> _What the task asks_
From the entries below, reproduce exactly the line containing "Cute dogs Watercolor Sublimation clipart PNG", the line containing "Vector background. Rounded", and every line in between, with nothing added.

Materials provided START

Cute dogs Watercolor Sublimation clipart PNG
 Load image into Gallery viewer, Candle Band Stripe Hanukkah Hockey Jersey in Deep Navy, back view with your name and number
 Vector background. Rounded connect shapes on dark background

Materials provided END
Materials provided START

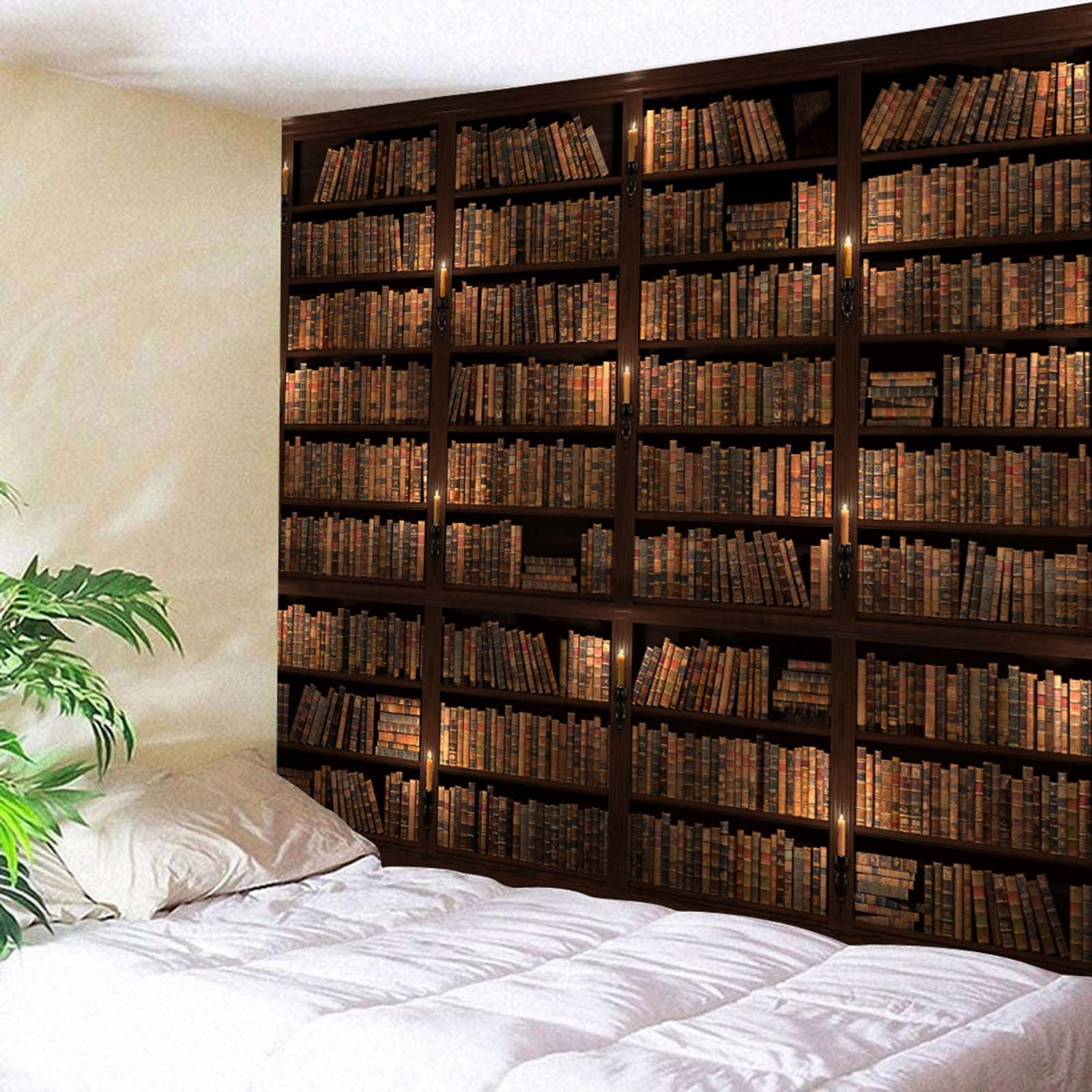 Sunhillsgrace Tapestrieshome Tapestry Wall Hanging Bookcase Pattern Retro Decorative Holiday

Materials provided END
Materials provided START

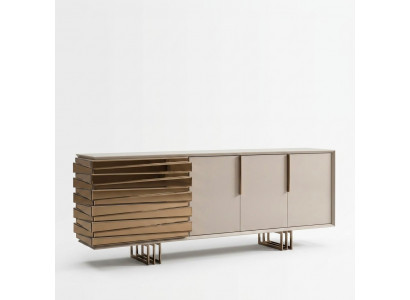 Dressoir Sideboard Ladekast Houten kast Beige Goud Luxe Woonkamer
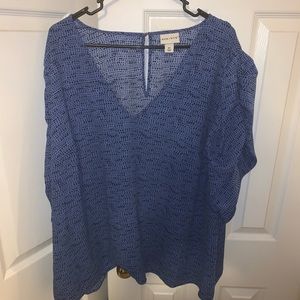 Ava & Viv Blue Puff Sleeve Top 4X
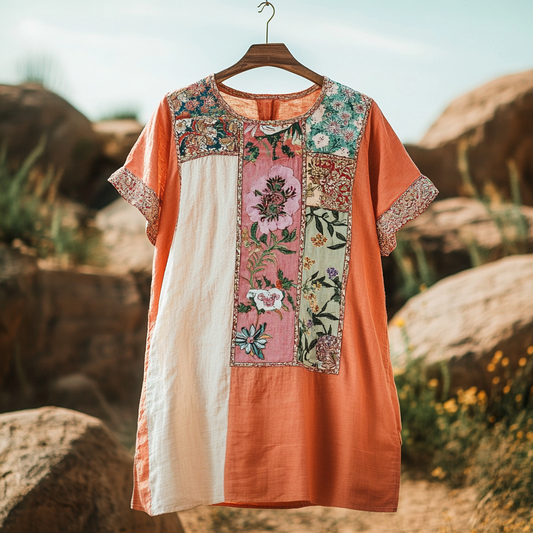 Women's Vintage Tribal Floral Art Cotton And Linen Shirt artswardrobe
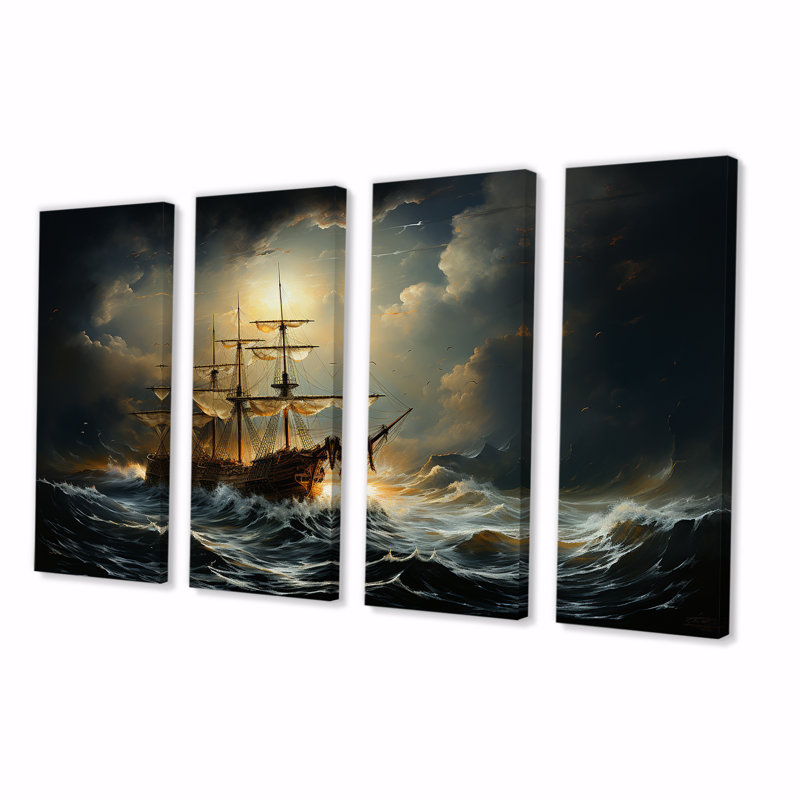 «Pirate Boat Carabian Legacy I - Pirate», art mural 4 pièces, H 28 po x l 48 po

Materials provided END

> _Solution_
Cute dogs Watercolor Sublimation clipart PNG
 Load image into Gallery viewer, Candle Band Stripe Hanukkah Hockey Jersey in Deep Navy, back view with your name and number
 Vector background. Rounded connect shapes on dark background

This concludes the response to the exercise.